The Inst Count column indicates the number of non-filler cells in that module. There are a total of 520 standard cells in the design. Each register should have eight standard cells; eight flip-flops since it is an eight-bit register. However, notice that some of the pipeline registers have 16 standard cells. You can look in the post-pnr gate-level netlist to see why. This is because these pipeline registers have inserted extra buffers to fix hold-time violations. The min/max units have a different number of cells since they have been optimized differently. The min/max units consume about ~47% of the area.

Finally, we go ahead and exit Cadence Innovus.

innovus> exit

2.10. Final Layout

We can now look at the actual .gds file for our design to see the final layout including all of the cells and the interconnect using the open-source Klayout GDS viewer. Choose Display > Full Hierarchy from the menu to display the entire design. Zoom in and out to see the individual transistors as well as the entire chip.

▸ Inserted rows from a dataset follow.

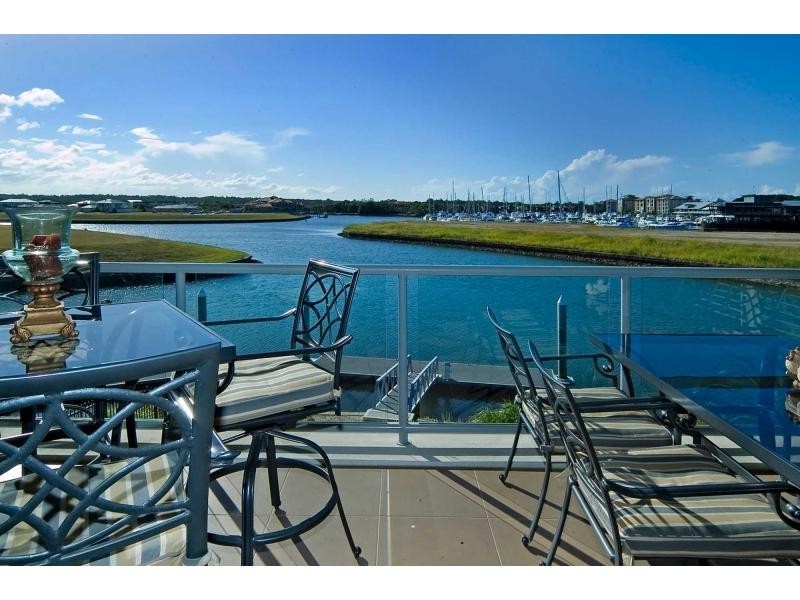 2251 Glengallon Way, Hope Island QLD 4212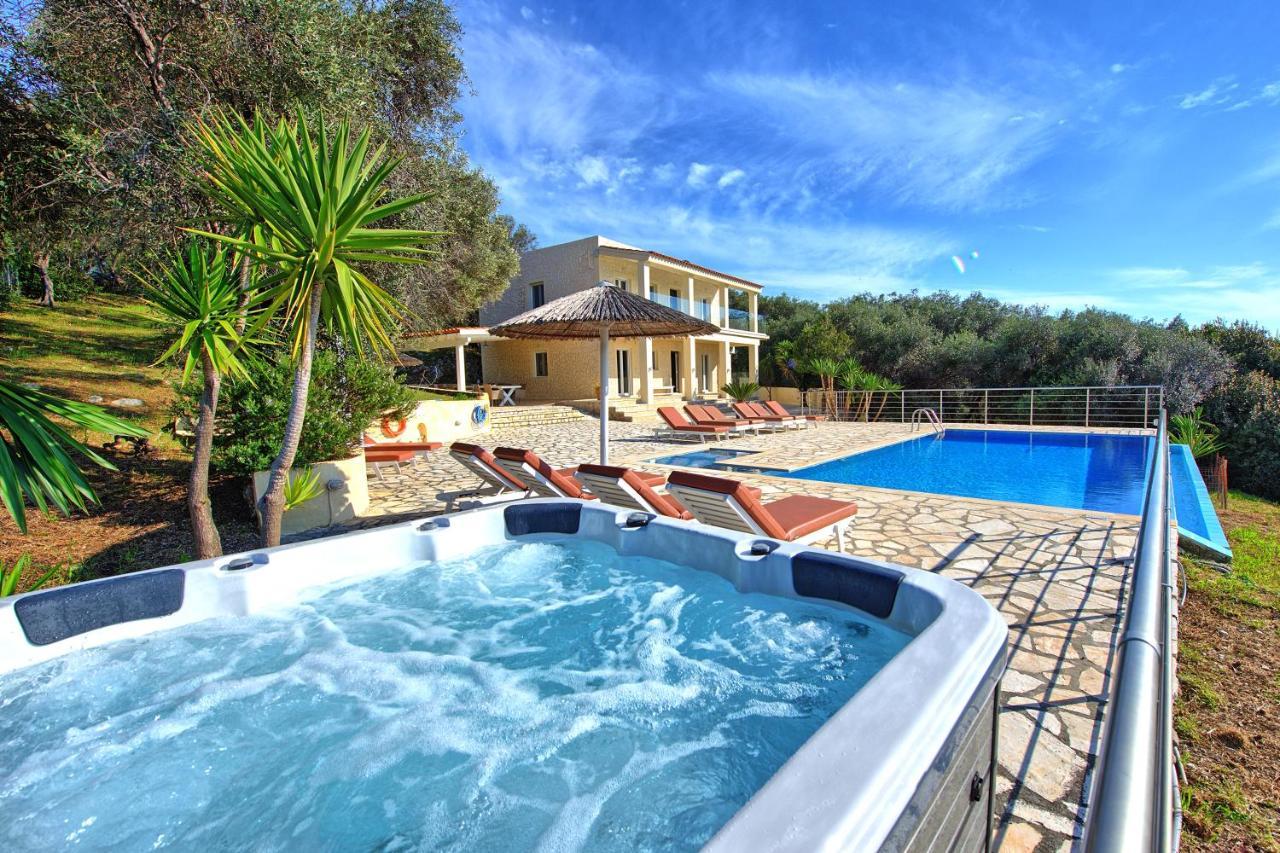 Beachfront Villa Seasun By Posarellivillas Agios Spyridon  Exterior foto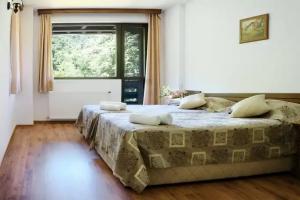 Strannopriemnitsa Guest House, Bozhentsi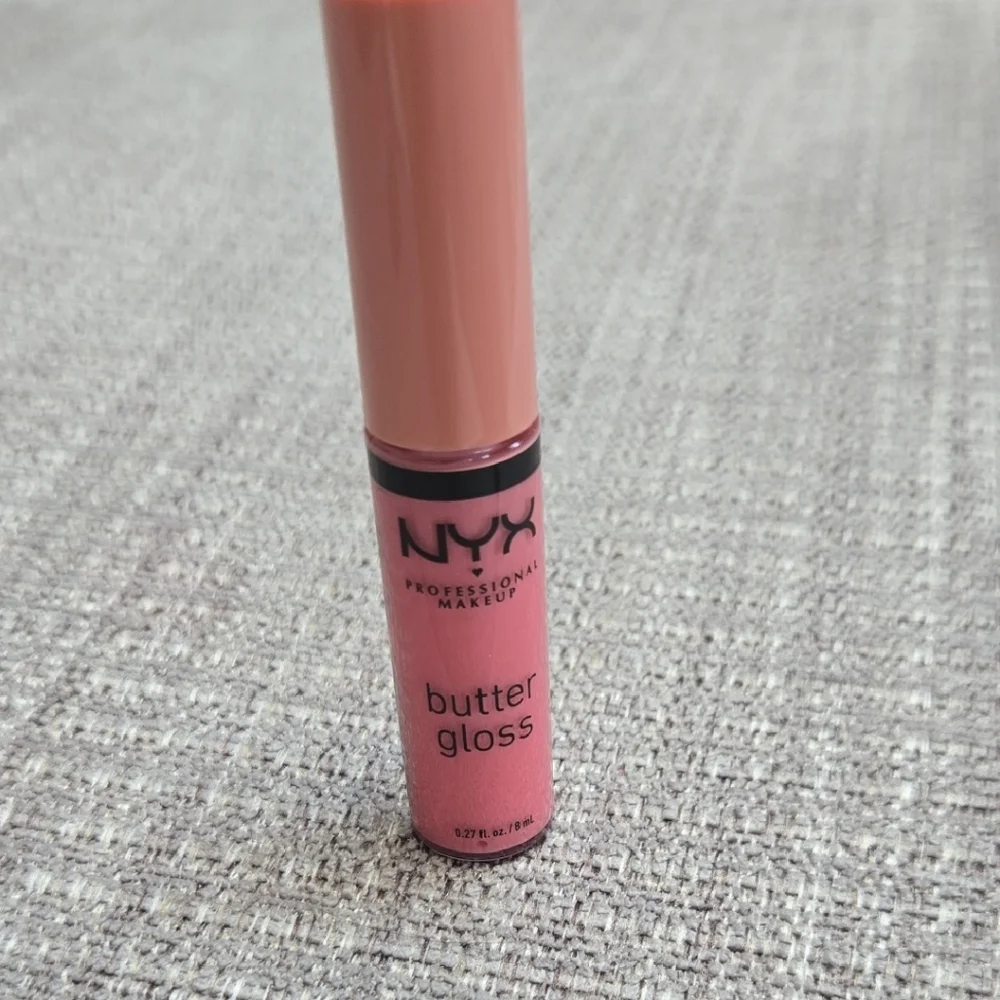 NYX Pink Lip‎ Gloss Butter Shine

% cd $TOPDIR/asic/build-sort/04-cadence-innovus-pnr
% klayout -l ${ECE6745_STDCELLS}/klayout.lyp post-pnr.gds

The following screen capture illutrates using Klayout to view the layout for the entire sort unit.

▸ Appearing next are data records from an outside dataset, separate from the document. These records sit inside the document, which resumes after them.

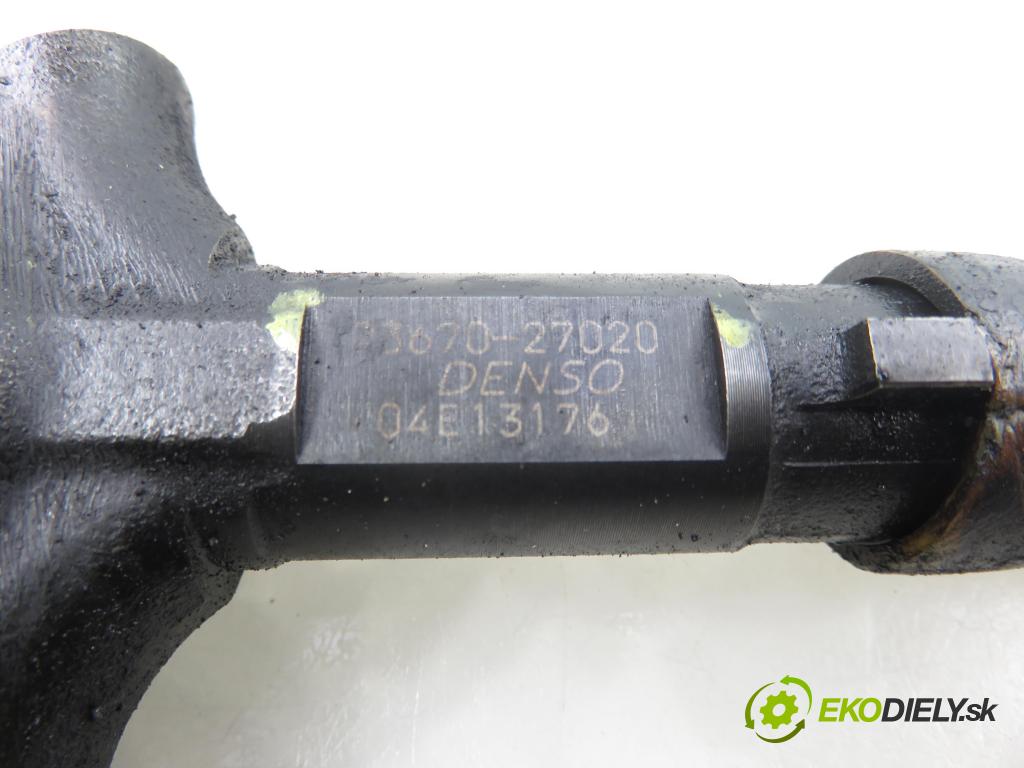 TOYOTA COROLLA (_E12_) HB 2003 66,00 2.0 D-4D (CDE120R_, CDE120L_) - 1CD-FTV 1995,00 vstrekovač 2367027020 (Vstrekovač paliva)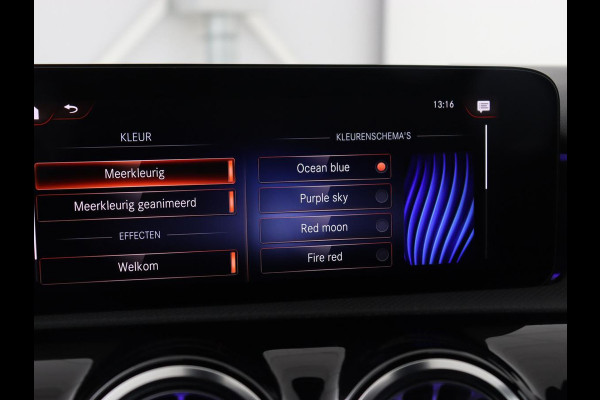 Mercedes-Benz A-Klasse 250e AMG | Panoramadak | Stoelverwarming | Carplay | Leder/Alcantara | Camera | Sfeerverlichting | Navigatie | Park Assist | Climate control | Full LED | PHEV | Plug In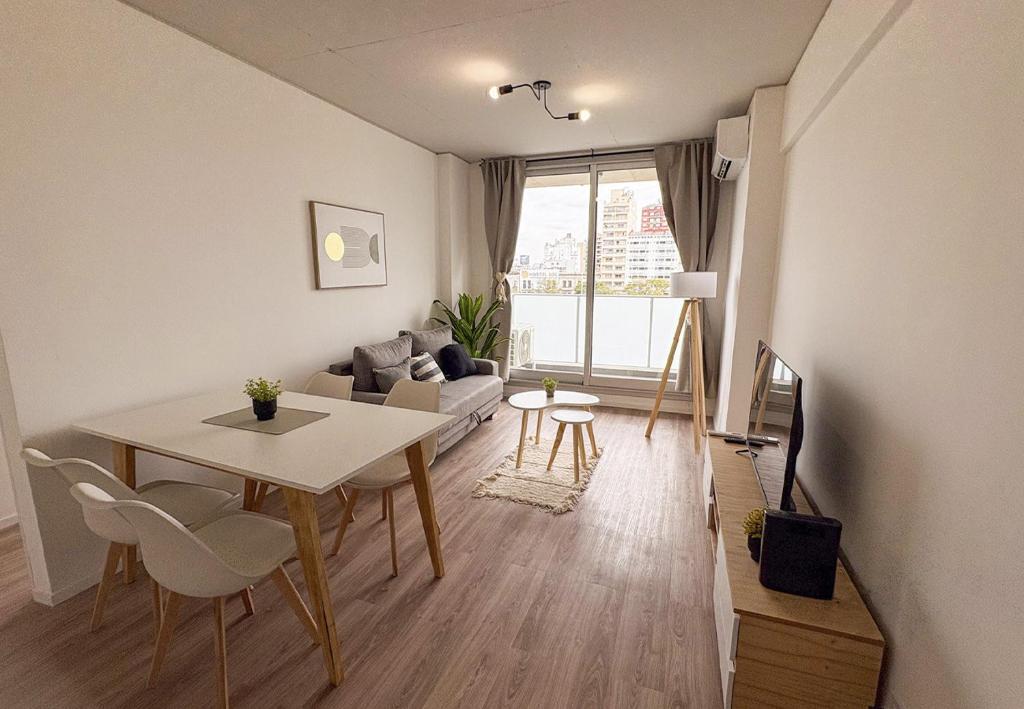 RentUp - Encantador a Estrenar con Balcon Cerca de San Telmo y Puerto Madero - 1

The following figure shows a zoomed portion of the layout. You can clearly see the active layer inside the standard cells along with the signal routing on the lower metal layers. The power routing on the upper metal layers has been hiddent for clarity.

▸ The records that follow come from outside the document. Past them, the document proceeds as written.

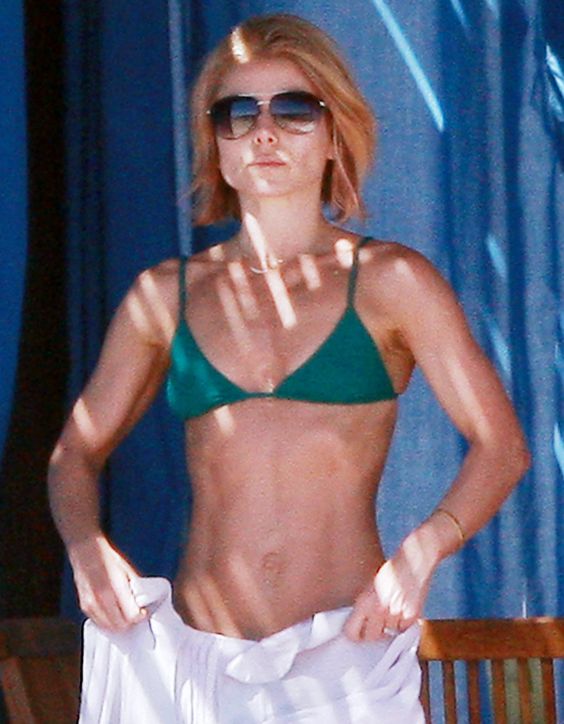 Kelly Ripa Sexy Boobs Pictures on Green Bikini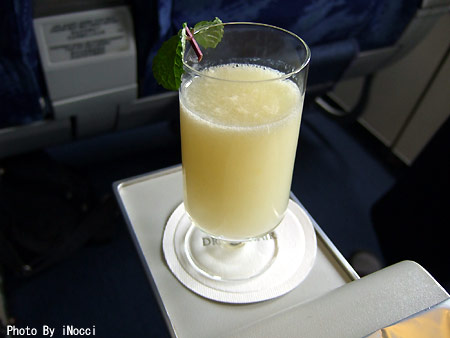 HKG154-KA433_WelcomeDrink.jpg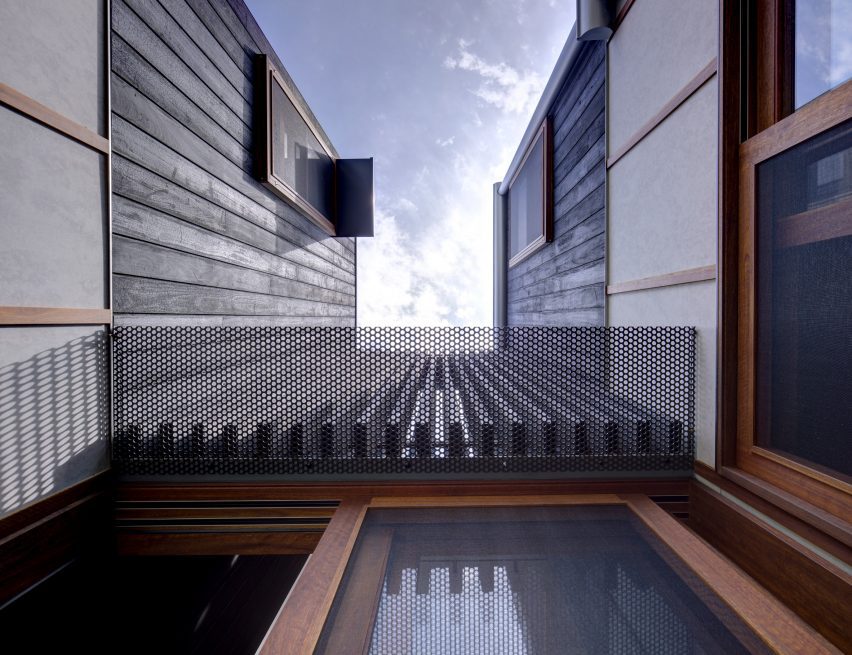 Internal courtyard Waverley House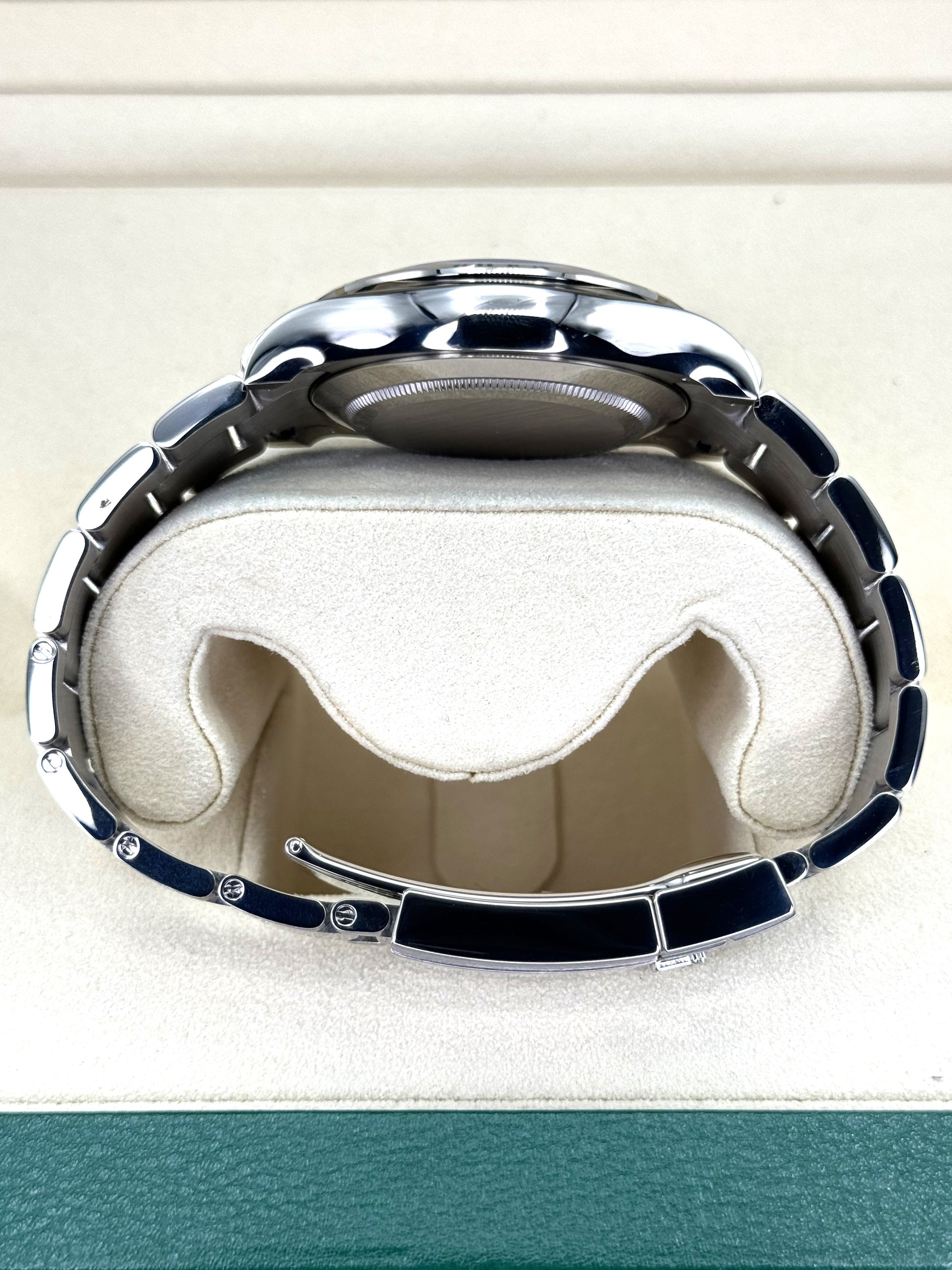 2021 Rolex Daytona 40mm 116509 White Gold Blue Dial - MyWatchLLC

2.11. Automating Place and Route

You can automate the above steps by putting a sequence of commands in a .tcl file and run Cadence Innovus using those commands in one step like this:

% cd $TOPDIR/asic/build-sort/04-cadence-innovus-pnr
% innovus -no_gui -files run.tcl

To further simplify rerunning this step, we can put the above command line in its own a shell script. We have created such run scripts for you. Let's take a look to confirm these scripts match the manual commands we used above.

% cd $TOPDIR/asic/build-sort
% cat ./04-cadence-innovus-pnr/run
% cat ./04-cadence-innovus-pnr/run.tcl

You can rerun synthesis as follows.

% cd $TOPDIR/asic/build-sort
% ./04-cadence-innovus-pnr/run

And you can then open up the Cadence Innovus design in the GUI as follows.

% cd $TOPDIR/asic/build-sort/04-cadence-innovus-pnr
% innovus
innovus> source post-pnr.enc

3. Using Synopsys VCS for Back-Annotated Gate-Level Simulation

In the previous tutorial, we used Synopsys VCS to do 4-state simulation and gate-level simulation. This time, we'll be using VCS to perform back-annotated gate-level simulation. The key difference between fast-functional and back-annotated gate-level simulation, is that we can now use an .sdf file to annotate delays in the gate-level simulation. In previous simulations, we only see signals change on the clock edge; however, with a back-annotated simulation, we'll know more precisely when signals are arriving by using the delay information provided by the .sdf. This means that running a back-annotated simulation with a cycle time that is too fast can potentially cause setup time violations or fast paths can potentially cause hold time violations. Back-annotated gate-level simulation is the primary way we will verify that our final design is functionally correct.

We will be running Synopsys VCS in a separate directory to keep the files separate from the other tools.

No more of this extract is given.